While reading Mary Pipher's book about writing, I have been trying to consciously underline and comment on the sections that I find most useful/inspiring (I'm usually a pretty awful at this, but I'm working on it). I have to say that in general, I think she makes some insightful and true comments about writing; however, I am not entirely attached to this book. Overall, I sometimes find her distant or somewhat fake (or at least not as genuine as I expected), but I think when she looses herself in a thought and becomes grounded she can make some very good points.
One such point is made right in the introduction. I like how she says that in much earlier times, "The problems that arose often were not solvable. But they were nearby" (9). She goes on to talk about how there are people out there who want to make world problems as important and real as local issues, but they are unsure how. Her answer is to write. Write and create empathy. She says to share people's stories in order to bring out the human aspect of problems, thus bringing them into perspective. I agree with this idea completely, and it is one of my favorite aspects of writing.

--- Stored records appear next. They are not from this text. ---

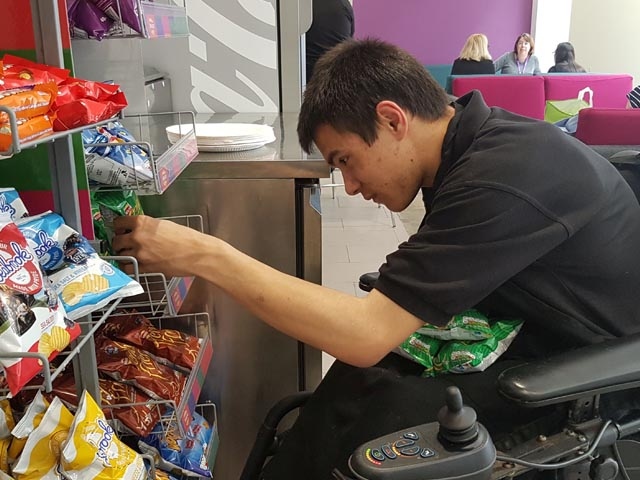 Edward from New Bridge School stocking shelves at FCHO atrium cafe
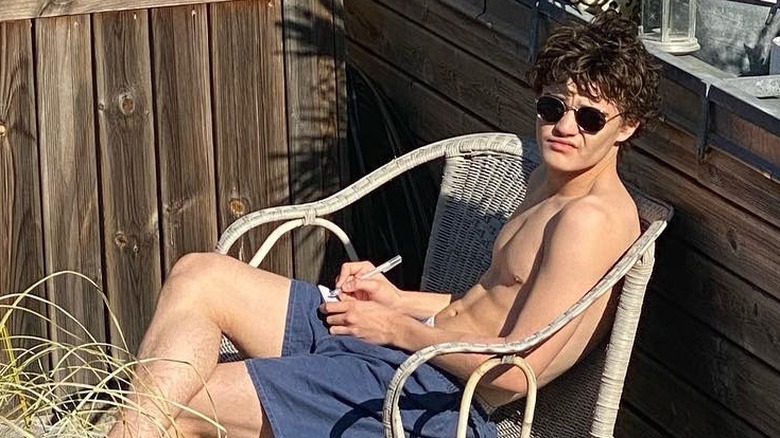 Jack Depp sitting, wearing sunglasses
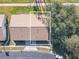 Aerial view of house showing roofline and landscaping at 9022 Ramsgate Dr # 9022, New Port Richey, FL 34655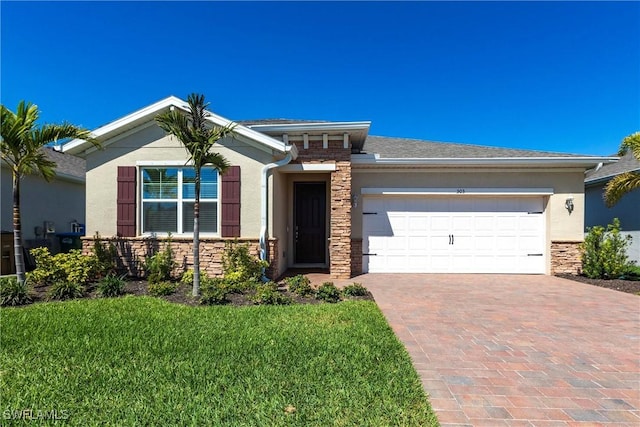 view of front of property featuring a garage, stone siding, decorative driveway, and stucco siding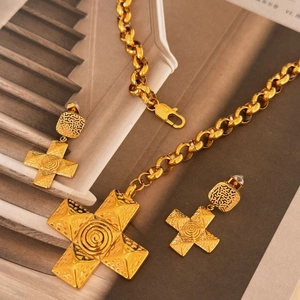 Detail of 18k gold plated cross pendant necklace and earrings with hammered texture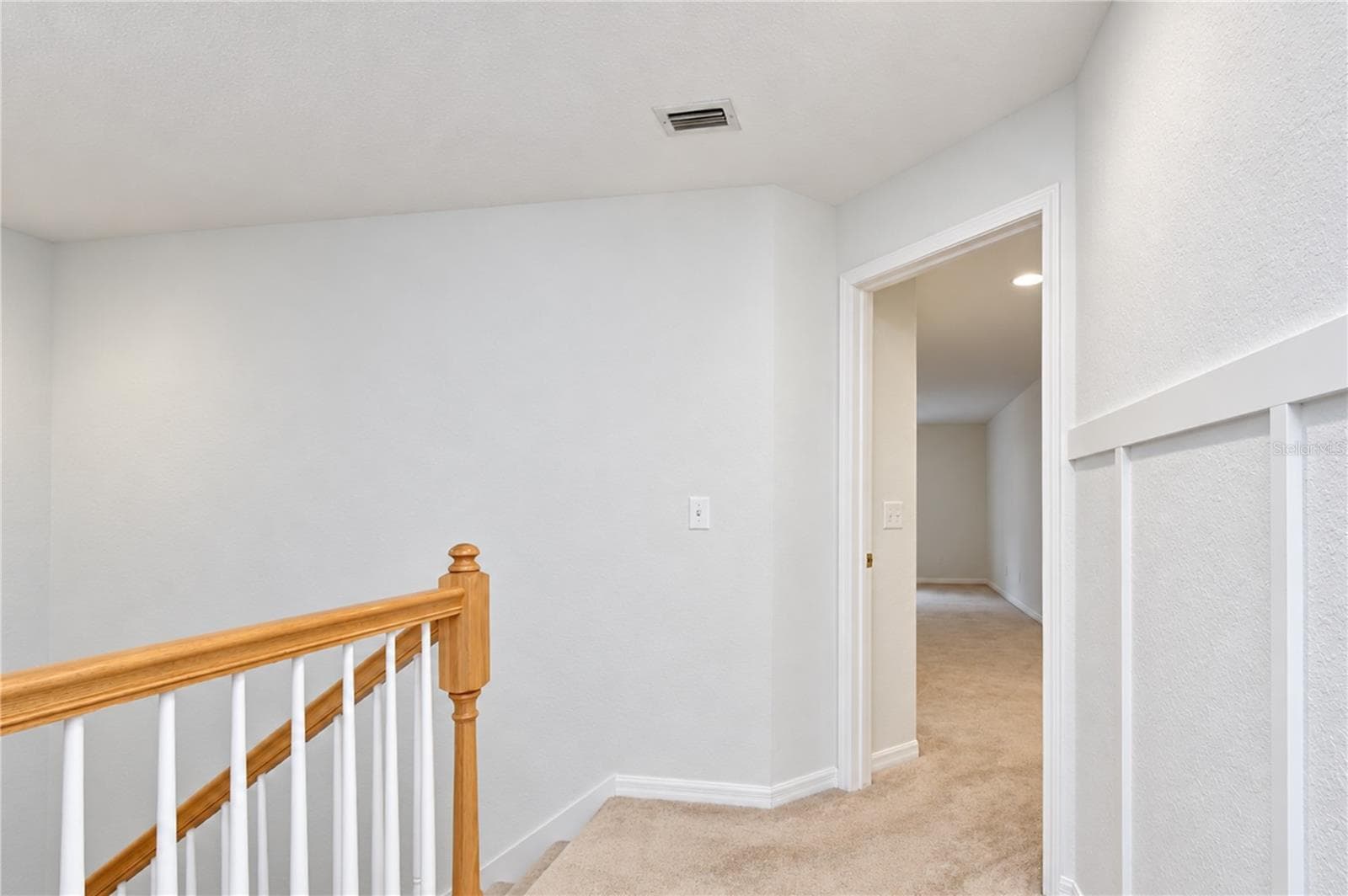 Hallway leading to secondary bedrooms and upper-level living spaces. - 828 LUMSDEN RESERVE DR, BRANDON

Another one of my favorite points (and probably the last I will discuss because this is getting long) is the part of the book where she talks about how hard it is to start writing. I often find myself dreading writing, which I just assumed was some unnatural quark I alone possessed (one that makes me rethink my major at times). However, after reading Pipher's section about diving-in and her own fears when writing, I felt better. My favorite quote this far in the whole book is from Thomas Mann saying, "A writer is someone for whom writing is more difficult than for others." (76).